Mbote, the first female professor in law, denied some of the allegations while defending herself against an accusation by Professor Migai Aketch that she took ownership of a concept paper they wrote together when she was serving as a dean at the University of Nairobi.
In response, Prof. Mbote told the Judicial Service Commission: “I did involve Prof. Migai and there was going to be an output to that work which was going to be a book co-edited by myself and him but since his name didn’t appear on the concept, he didn’t want to work on it, so we refunded the money for the book.”
The commission also sought a response on allegations that despite failing to attend the senior counsels committee meetings, she colluded with others to frustrate a candidate contesting for the Law Society of Kenya. This too she denied.
“It has surprised me to hear that I concluded because I had no interest in any candidate.
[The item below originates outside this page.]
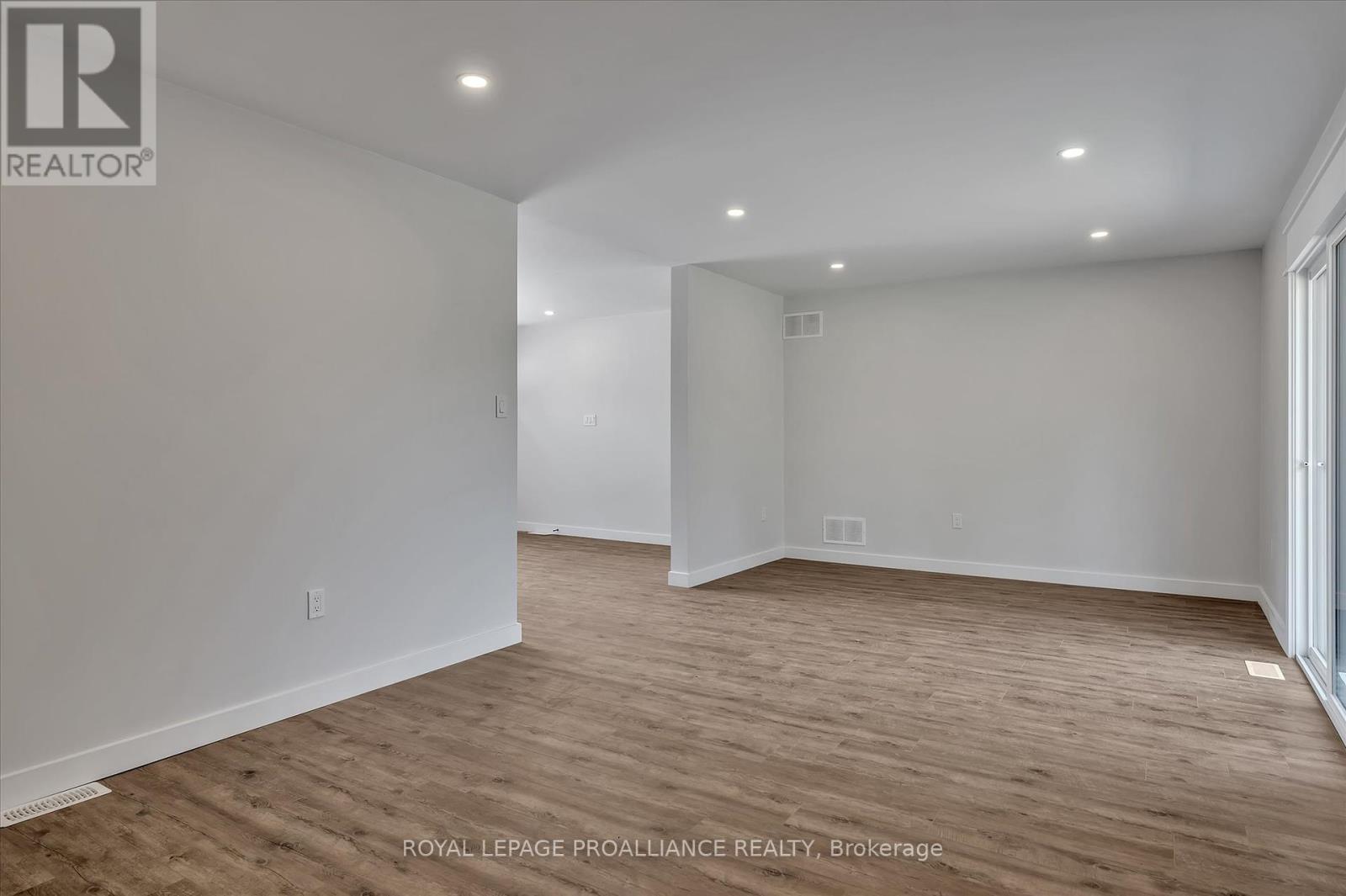 100 Reid Street, Kawartha Lakes, Ontario  K0M 1A0 - Photo 17 - X12269899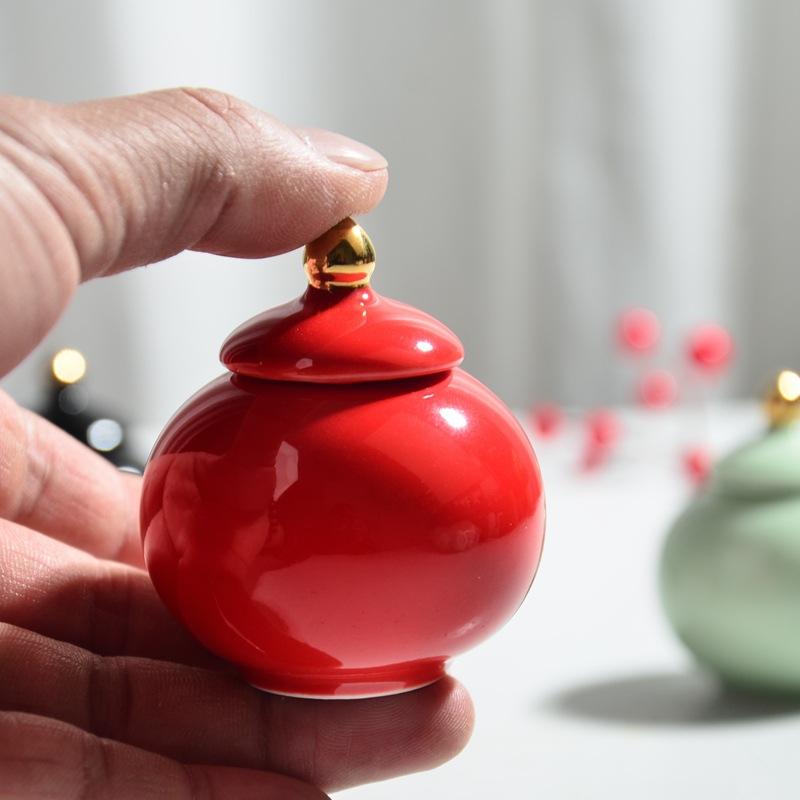 Small Ceramic Powder Salt Sealed Jar Gold-topped Round Balm Cream Bottle Tea Ceramic Jar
My work was to actually to help the society,” she said.
Mbote, who boasts of a distinguished career in the academic world, also came under fire for failing to submit her spouse’s wealth declaration form, in her defense she insisted she did not have clear instructions on how to go about it.
The commission which is keen on settling on a nominee that has vast jurisprudential experience, aggressive and one who will be able to steer the judiciary further sought to know what Mbote would do to transform the third arm of government.
“I would be open to negotiating that can we have something in the Judicary Fund so that the Judiciary is able to execute its function,” said Prof. Mbote onfor instance the
Once a facilitator of the Building Bridges Initiative (BBI) process as part of the team that was sensitizing the public on its contents, Mbote was cornered over the controversial matter of the establishment of the office of the Ombudsman which many judicial officers have claimed was a ploy to interfere with its independence.
“I don’t think it has been elaborated but I would stand guided. So I will think more about it,” she said.
If she is successful, Mbote, who will be Kenya’s first female Chief Justice, told the commission: “I think leadership is not gendered but I also think men and women bring different values to leadership.”
On the strained relations between the Judiciary and the Executive that have been worsened by President Uhuru Kenyatta’s defiance to swear in 41 judges, Mbote said her negotiation skills will come in handy in resolving the matter.